When we write command-line utilities, we often need to store some data. And we often need to make sure that data isn't overwritten in some crazy slap-fight with another instance of the same utility. Which hardly ever happens. Except when it does, and you lose all of your data. [twitch] [twitch]

At the same time, it's helpful to make sure only one instance of the utility is running at a time. Especially if it runs other commands that were not carefully designed to run together. Not that this has ever happened to us. [twitch] [twitch] [twitch] [faceplant]

prettiest is a simple, radical solution:

  • prettiest returns a data object to your code.
  • You store whatever you want in properties of data.
  • When your program exits, data is stored to disk automatically.
  • The next time your code runs, data is automatically loaded from disk.
  • If another instance of your code starts before the first one exists, then it will just have to wait its turn... because right now, that first instance is the prettiest one, and it deserves the spotlight.

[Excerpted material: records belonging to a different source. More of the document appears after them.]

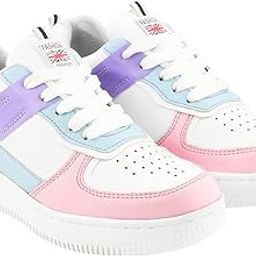 Women & Girls Casual Sneakers-image-1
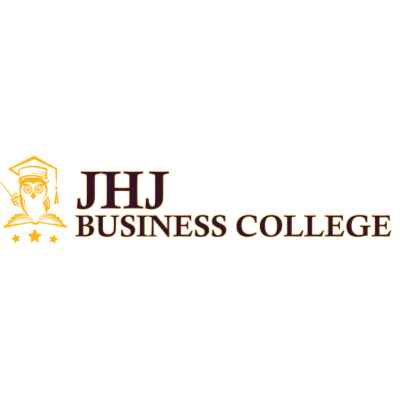 JHJ Business College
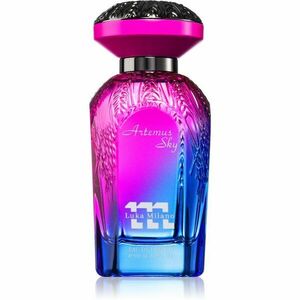 Luka Milano Artemus Sky Eau de Parfum hölgyeknek 100 ml kép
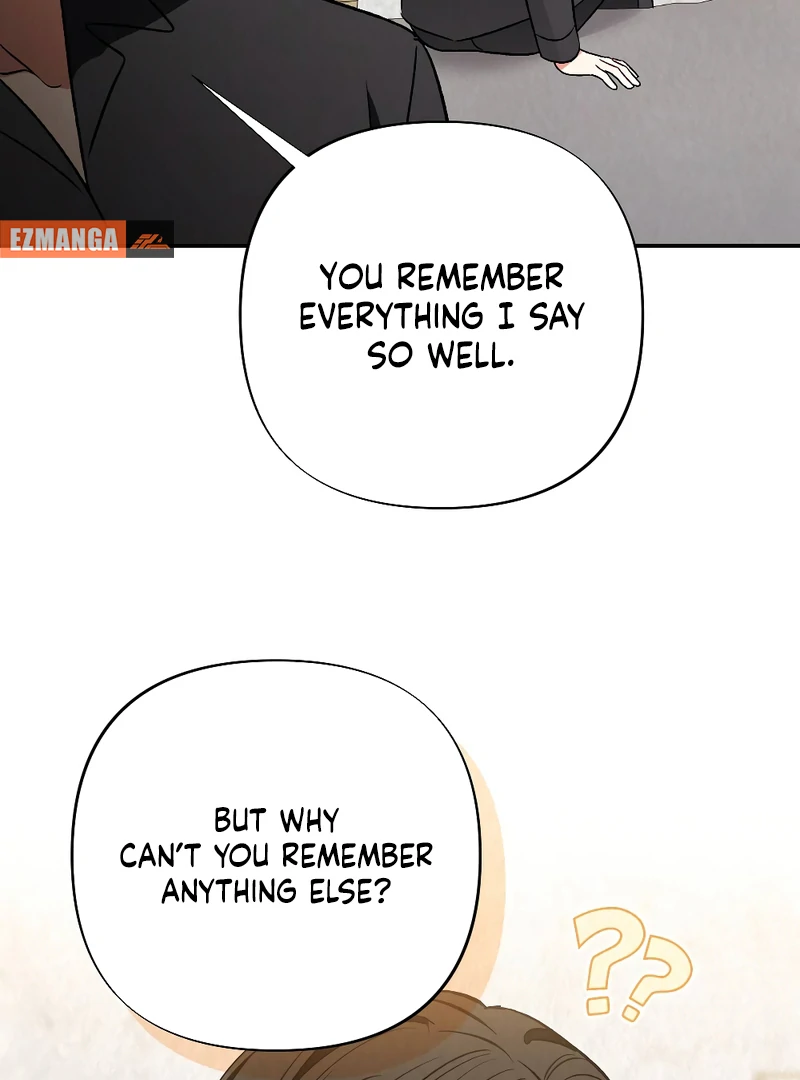 Chostakovitch Waltz No2 Chapter 19 - Page 109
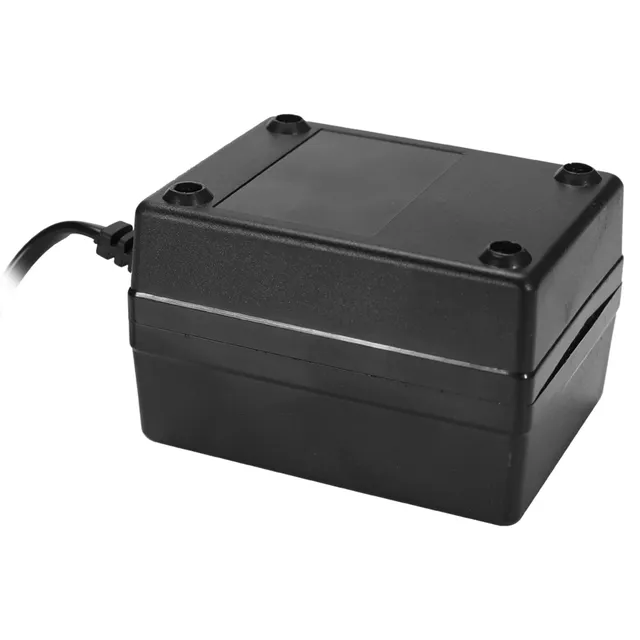 Transformateur abaisseur 200W AC 220V à 110V – vue 6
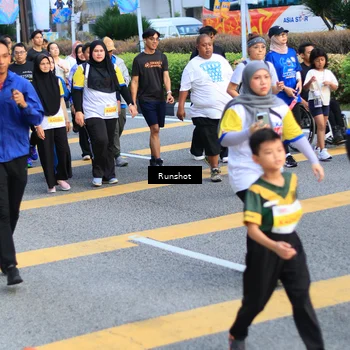 Runner Photo 4890074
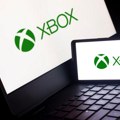 Microsoft priznao poraz: Xbox Series X i S je godina loših rezultata i otkazanih igara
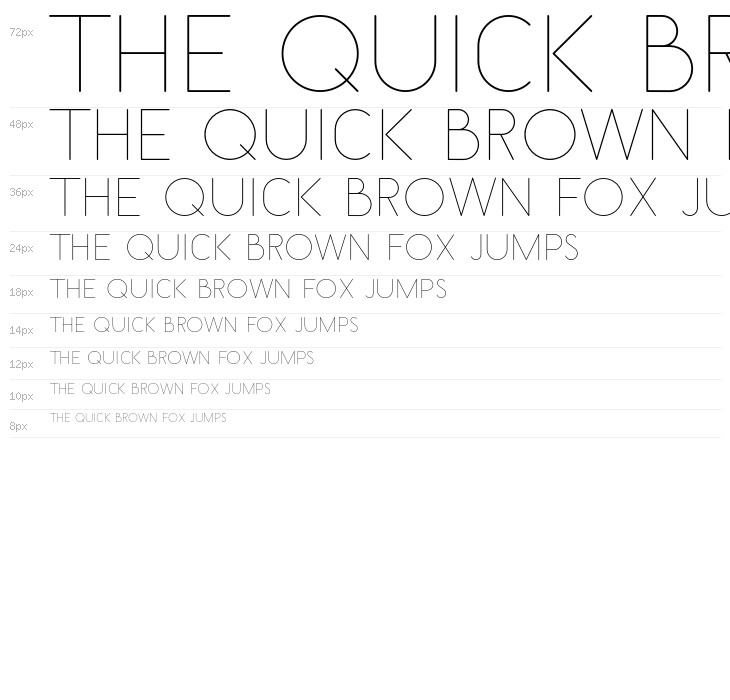 Belgika 40th Waterfall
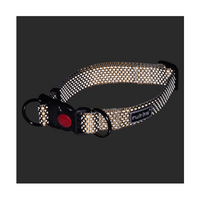 Rukka Pets Star Hundhalsband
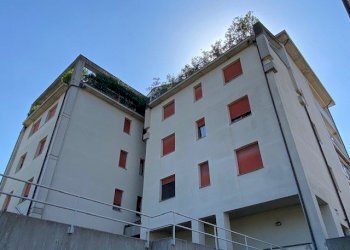 Appartamento Parma - foto 13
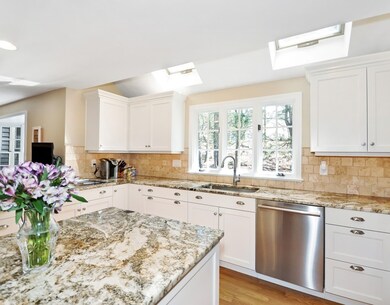 5 Kennedy Ln, Acton, MA 01720 - photo 7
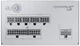 Блок питания 650W Seasonic CORE GX-650-ATX31-WHITE - изображение 2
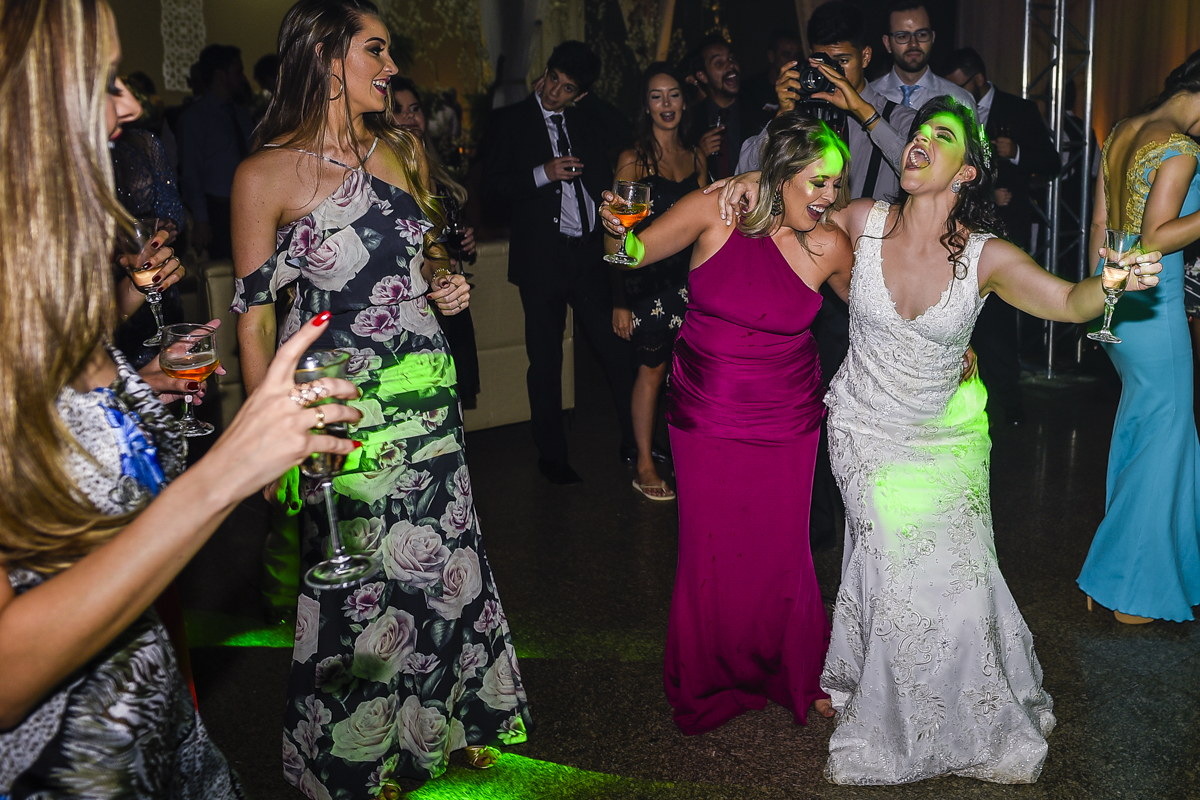 Casamento Fernando e Júlia, Patos de Minas-MG,Wedding, love, vestido de noiva,casamento feliz, Wellington Guimarães Fotógrafo, noivas 2019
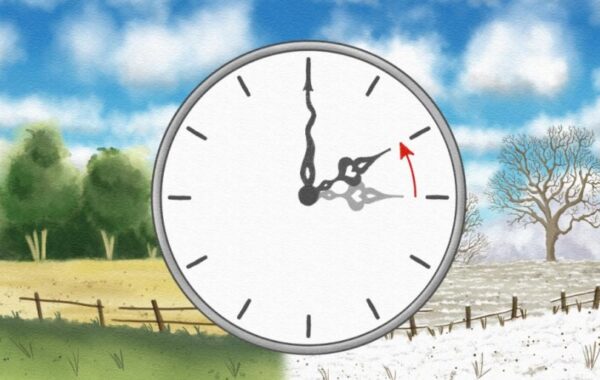 SPREMITE KAZALjKE, STIŽE ZIMSKO RAČUNANjE VREMENA: Ovog datuma se sat pomera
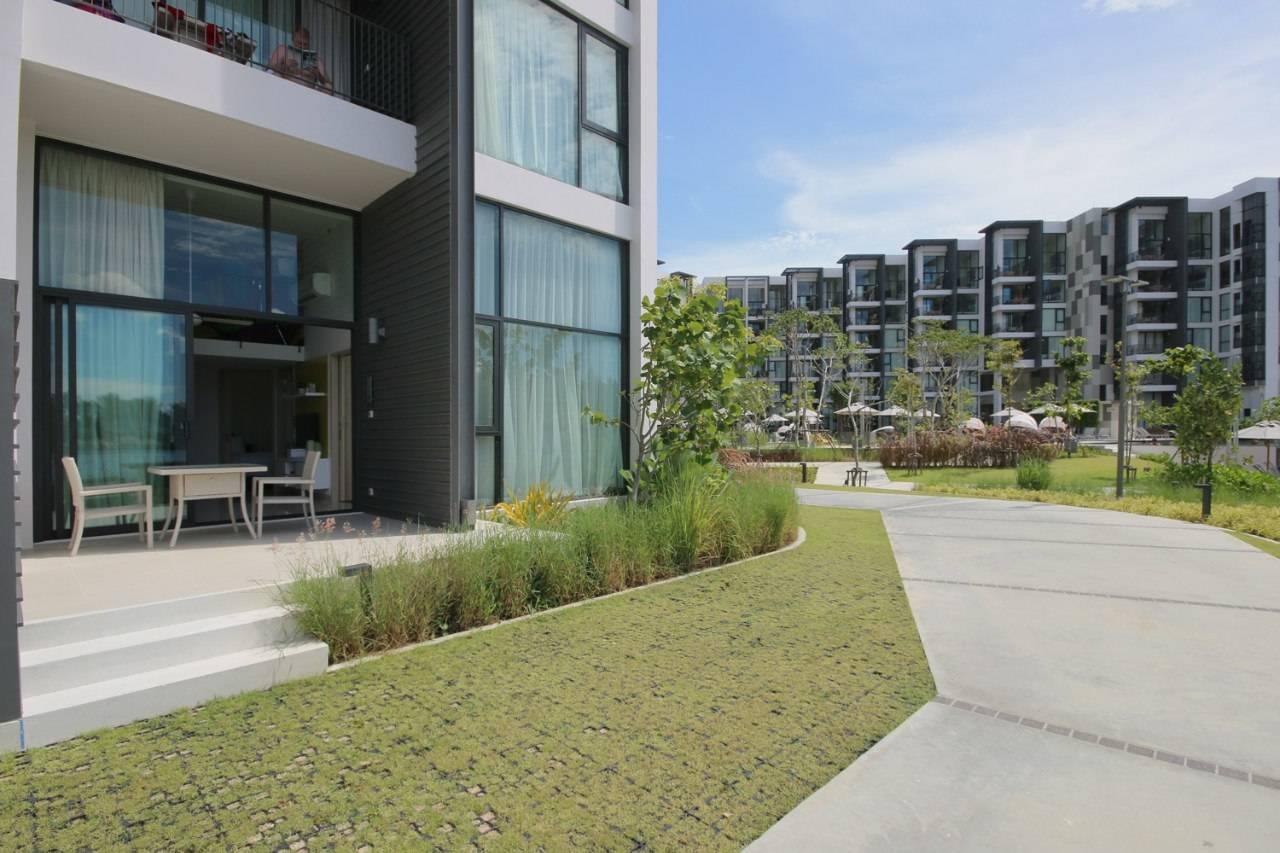 Property image - gallery 16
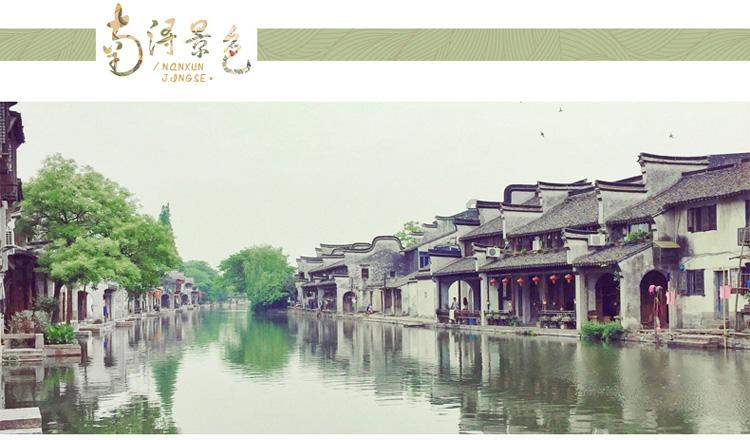我国昆虫学科技论文数量世界第一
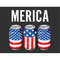 MR-1872023114622-merica-beer-american-flag-4th-of-july-american-patriotic-image-1.jpg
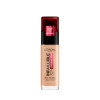 Тональный крем L'Oreal Paris Infaillible 32h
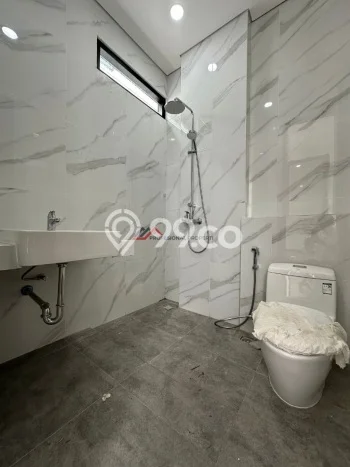 Best Deal Hunian Premium Ideal dan Luas di Cilandak, Jakarta Selatan Best Deal Hunian Premium Ideal dan Luas di Cilandak, Jakarta Selatan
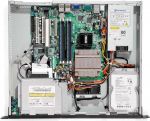 ASUS RS100-E5 и RS160-E5 экологичные решения для HPC и телекома
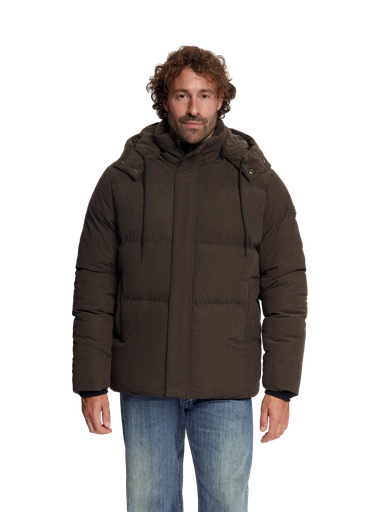 3xl-dark-brown-tr-ulfm-coldbr-siz3xl-ulf-men-travelin-product-0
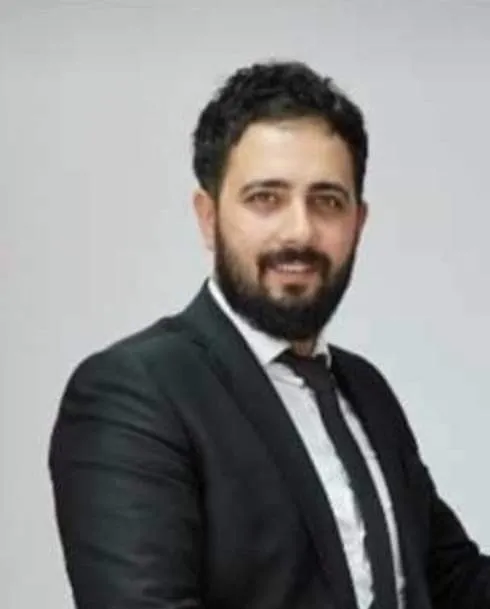 Son dakika: Polis memuru Abdulkadir Güngör'ü şehit eden Devrim Erdem yakalandı - 2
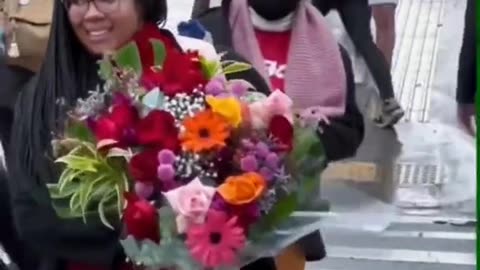 How to get a mask 😷 the one I sent 📤 the one I will be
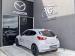 Mazda Mazda2 1.5 Dynamic auto - Thumbnail 6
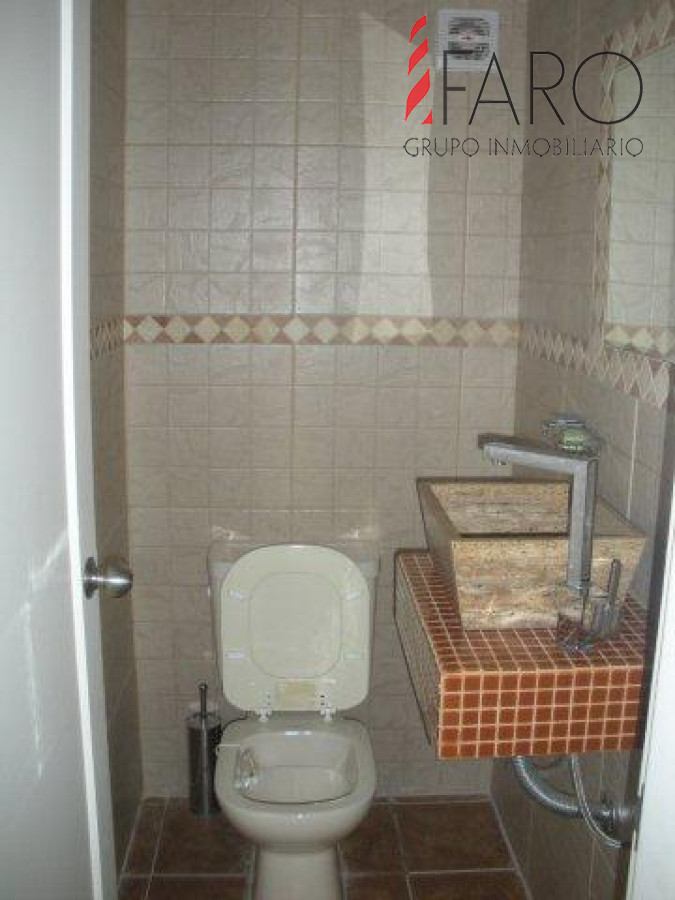 Rincón del Indio - GoPunta - Portal Inmobiliario de Punta del Este - Maldonado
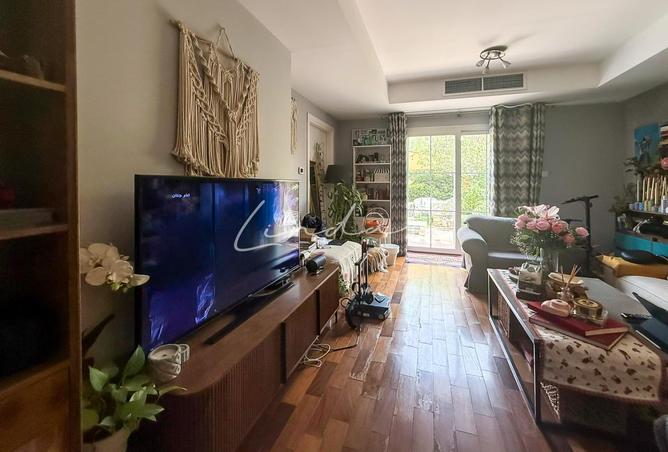 144617412 - Property Image 3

Persistence and locking were never this simple.

minuscule: build microservices quickly and safely

Still in the oven, but hey, the tests are passing:

minuscule is our newest offering, and it is a work in progress, which is why you'll need to check out the wip branch to learn more.

We build a lot of little API microservices, and as much as we love ApostropheCMS, not every tiny microservice needs a CMS. We could just reach directly for Express, and we often have. But Express development can be bug-prone because developers are 100% solely responsible for catching errors and sending responses manually. We created minuscule as a tiny wrapper for Express that solves these problems by allowing developers to "just return" values directly from async route functions, validate API input safely, catch and log errors automatically, and simplify the most common kinds of middleware. Definitely a case of keeping it simple. minuscule doesn't do everything, but that's the point.

Conclusion

You were expecting some neat, tidy summary? Hey, it's not a neat, tidy collection. But pulling back to 30,000 feet, we can see some themes: command line developer experience. HTML manipulation. GitHub API automation. Safety. Performance. And just plain usability.

While open-sourcing little utilities like this doesn't make us money, it does have benefits: it holds us to a higher standard of quality, it "gives back" in return for all the open source projects we depend on, and of course it opens the door to community contributions.

Speaking of which: pull requests welcome!